• **TASK BRIEF**
Your answer must be an exact retyping of the line containing "荣盛城 4室2厅2卫 98.0万 荣盛城 4室2厅2卫 98.0万客厅" and every line after it through the end of the records below, with no pictures and nothing else.
*** RECORDS FOR PROCESSING ***
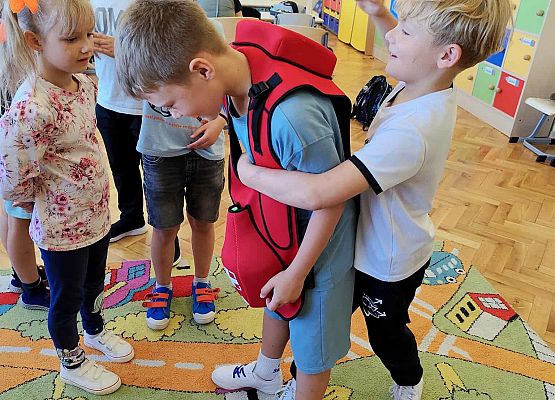 uczniowie podczas zajęć z pierwszej pomocy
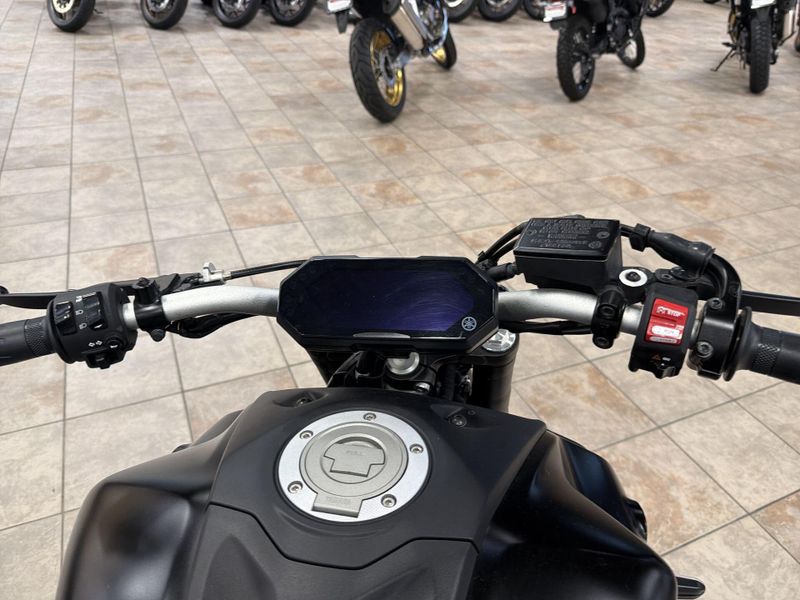 Used 2022 Yamaha MT-07 CA Image 23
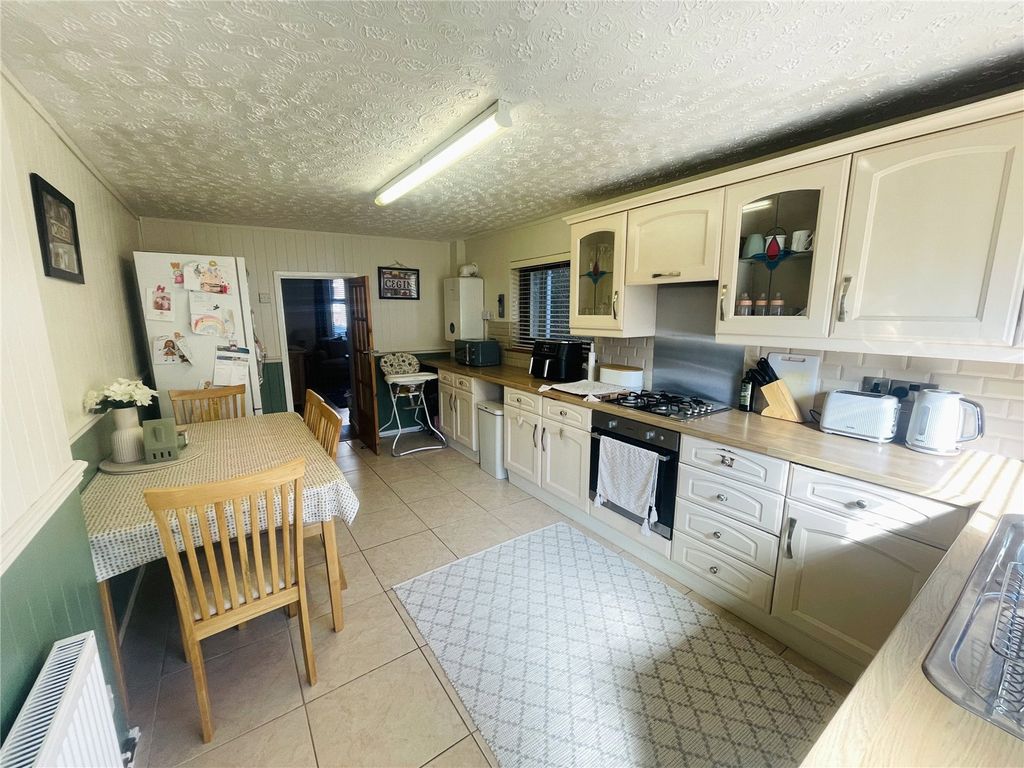 Property photo 3 of 21 Picture No. 03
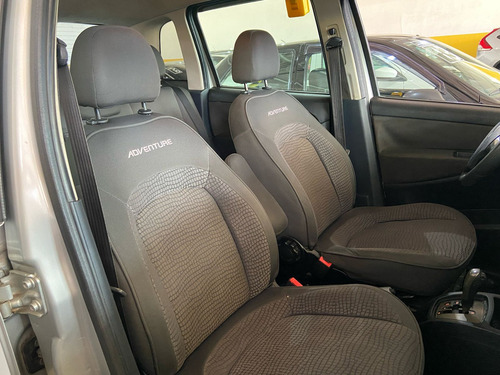 Fiat Idea Idea Adventure 1.8 16V Dualogic (Flex)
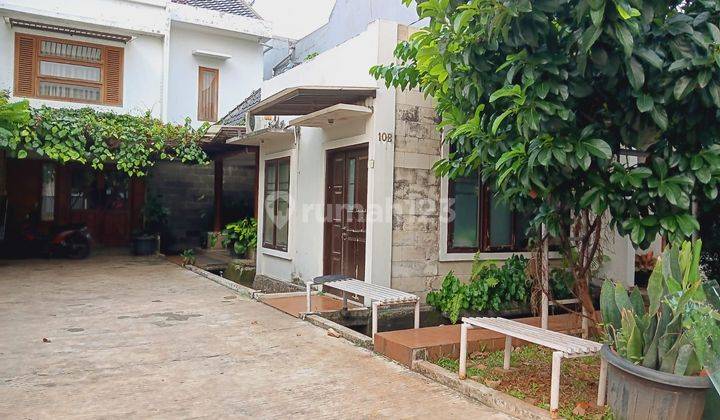 Rumah semi furnish dijual di komplek Depkes Jatibening Bekasi 2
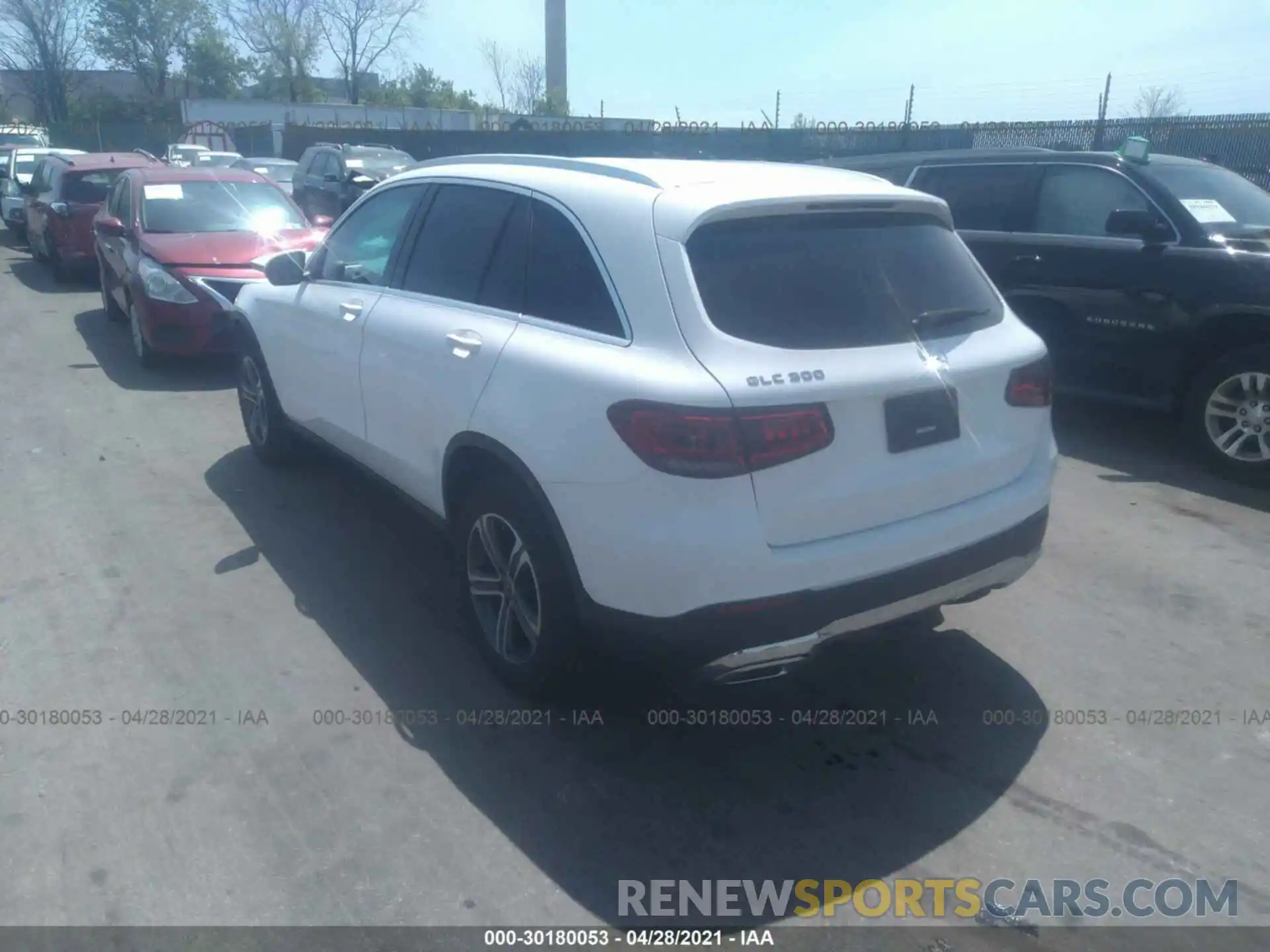 3 Photograph of a damaged car WDC0G8DB6LF715995 MERCEDES-BENZ GLC 2020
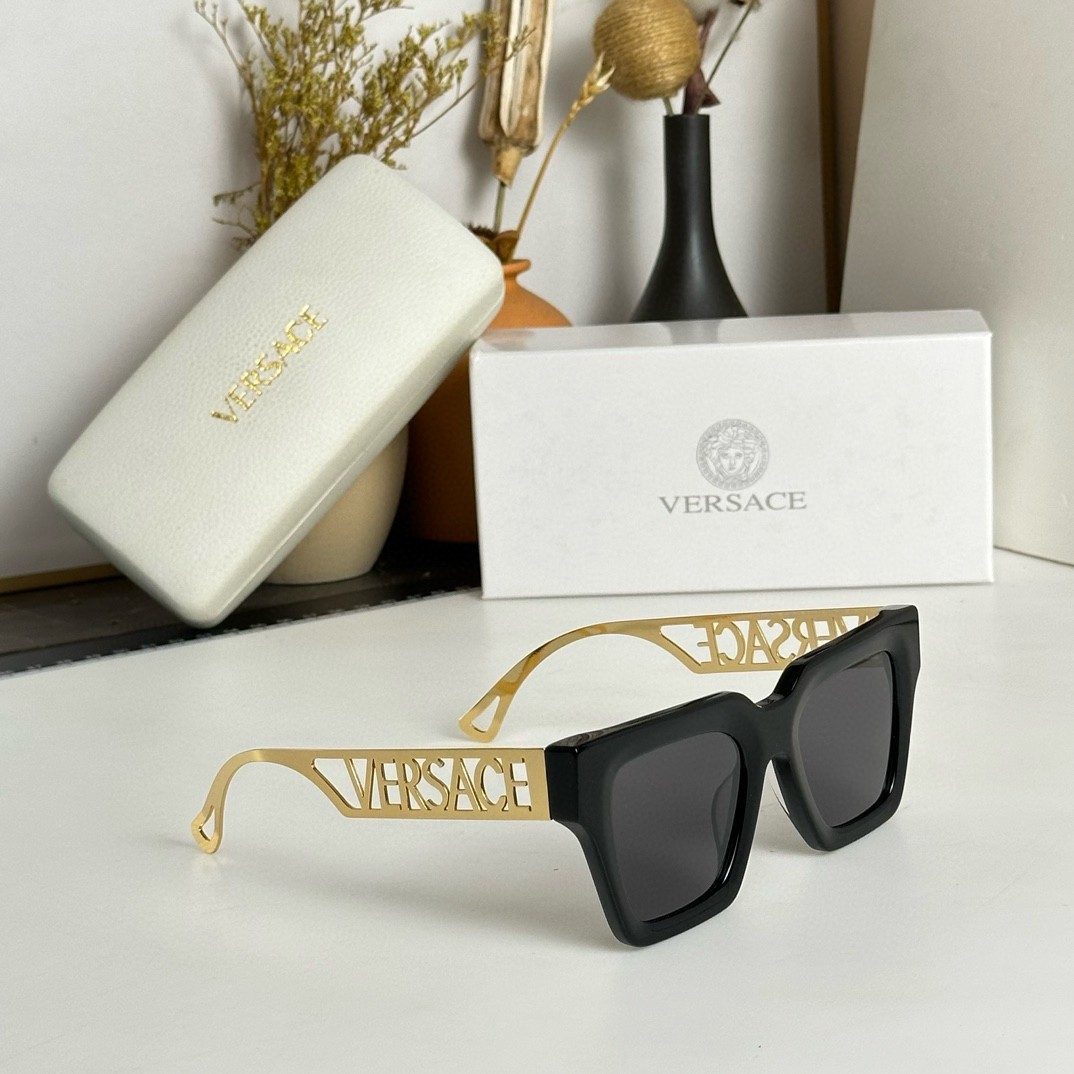 2 versace glasses list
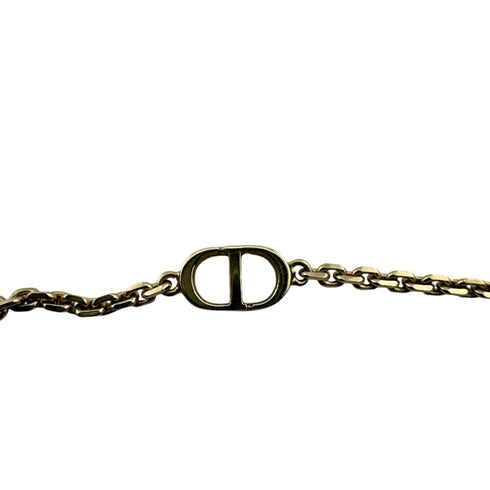 In Bloom Flower Motif Pendant Necklace Gold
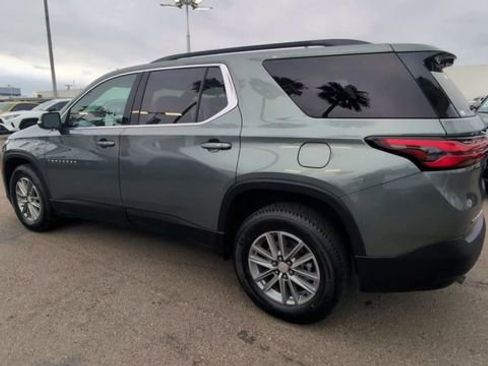 Certified 2023 Chevrolet Traverse LT FWD image 6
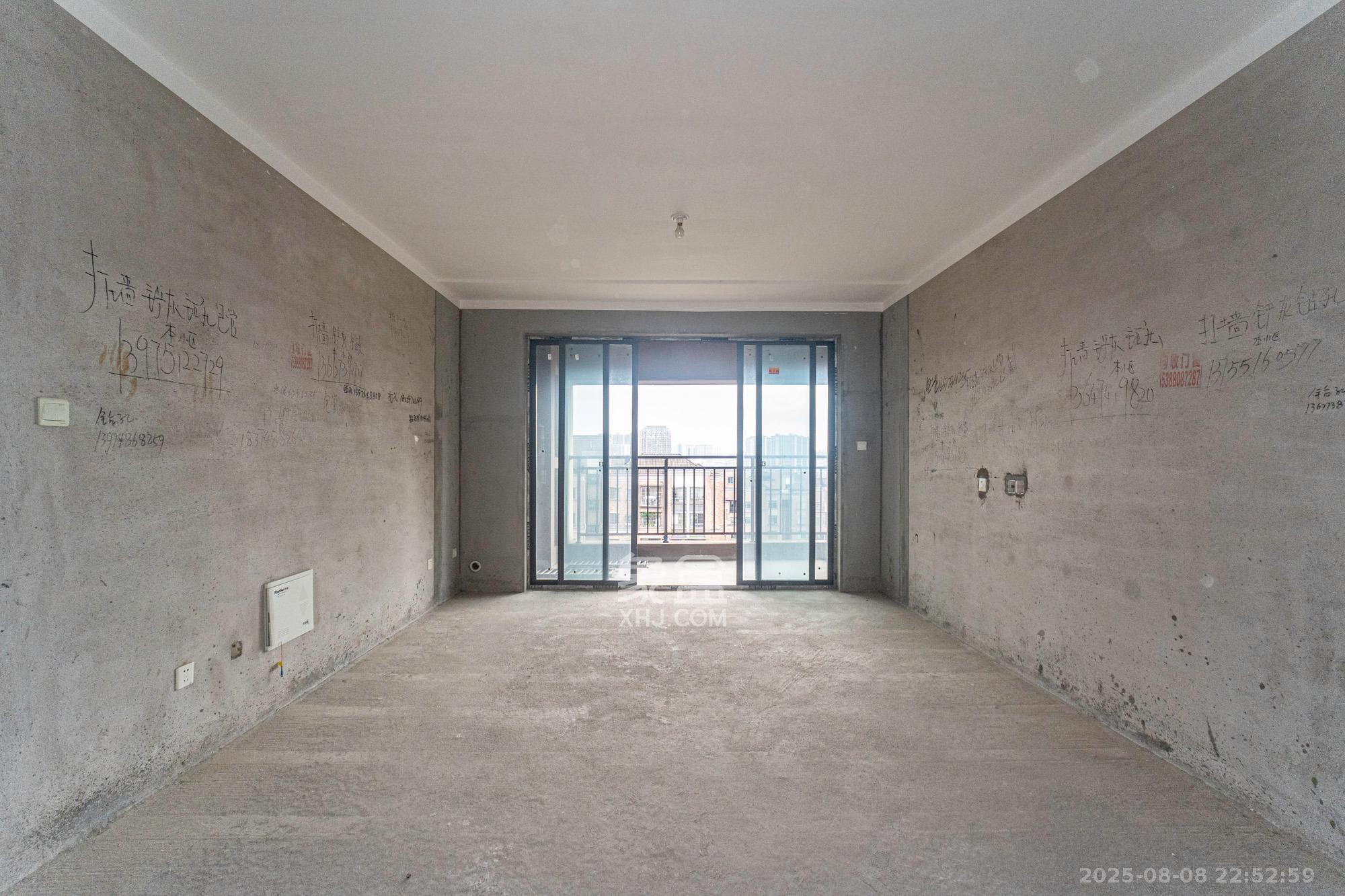 荣盛城 4室2厅2卫 98.0万 荣盛城 4室2厅2卫 98.0万客厅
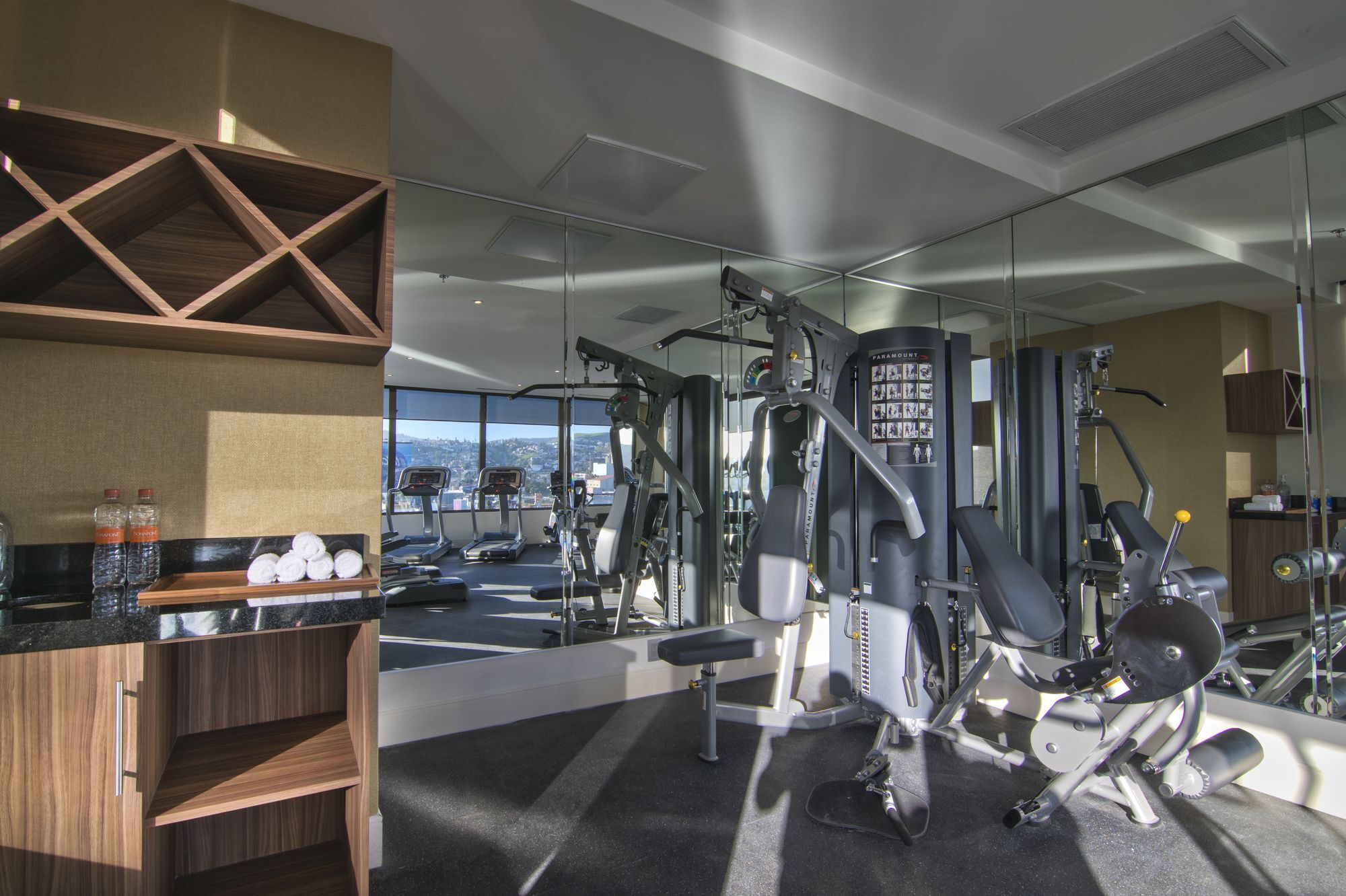 K Tower Boutique Hotel By Lucerna Tijuana Eksteriør billede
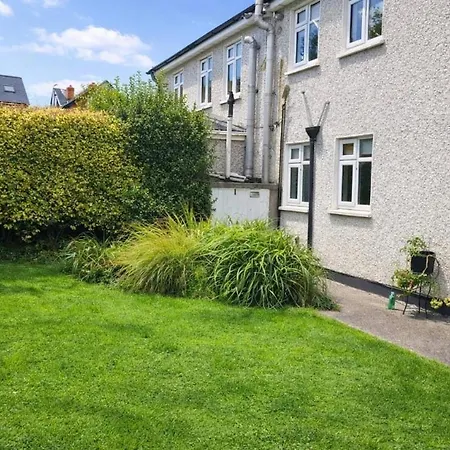 Cozy 2 Bed House In * Foxrock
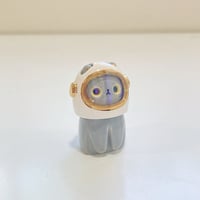 Image 3 of Gray cat with astronaut helmet ceramic figurine (helmet cover version)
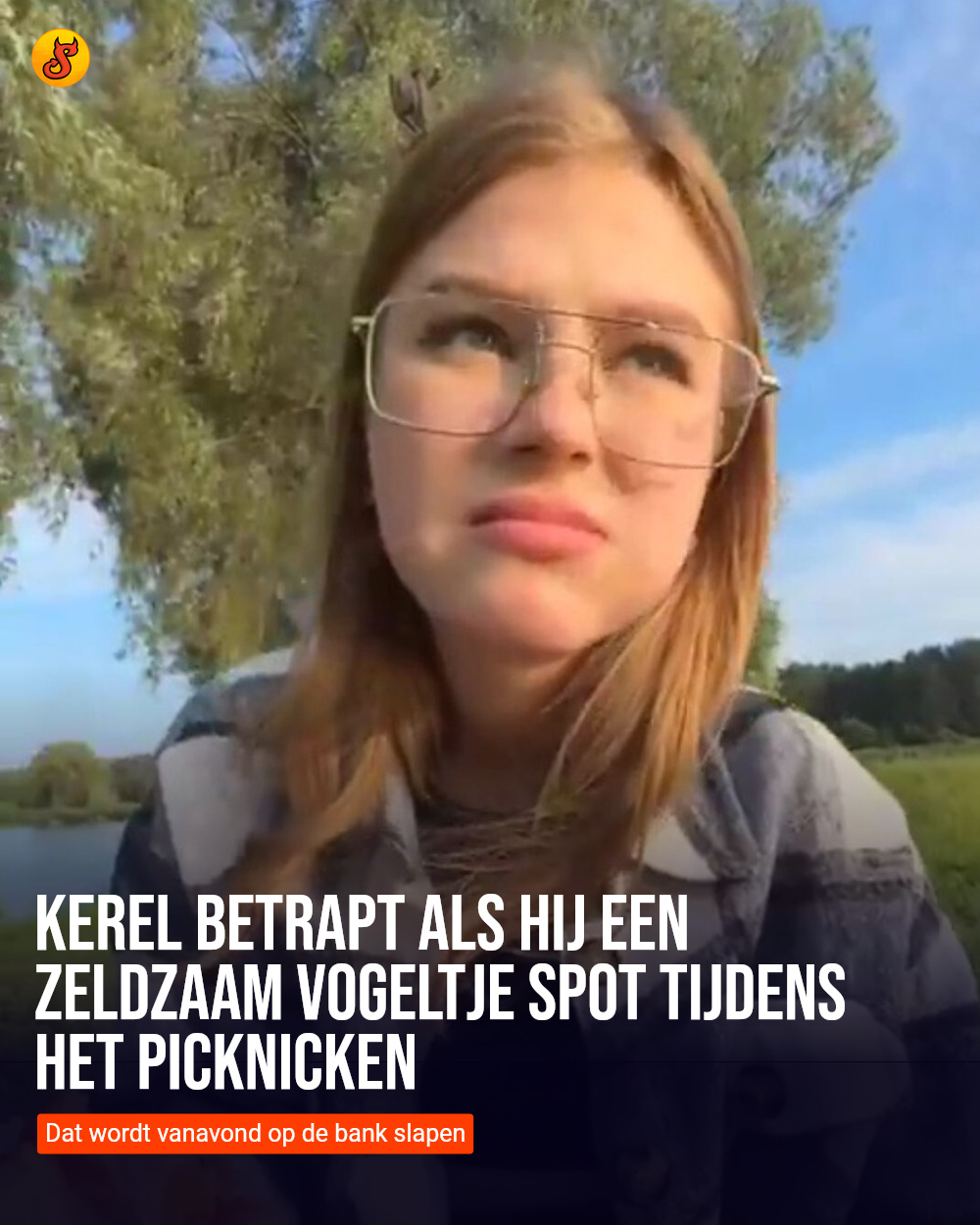 Kerel betrapt als hij een zeldzaam vogeltje spot tijdens het picknicken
*** End of RECORDS FOR PROCESSING ***
• **YOUR SOLUTION**
 荣盛城 4室2厅2卫 98.0万 荣盛城 4室2厅2卫 98.0万客厅
 K Tower Boutique Hotel By Lucerna Tijuana Eksteriør billede
 Cozy 2 Bed House In * Foxrock
 Image 3 of Gray cat with astronaut helmet ceramic figurine (helmet cover version)
 Kerel betrapt als hij een zeldzaam vogeltje spot tijdens het picknicken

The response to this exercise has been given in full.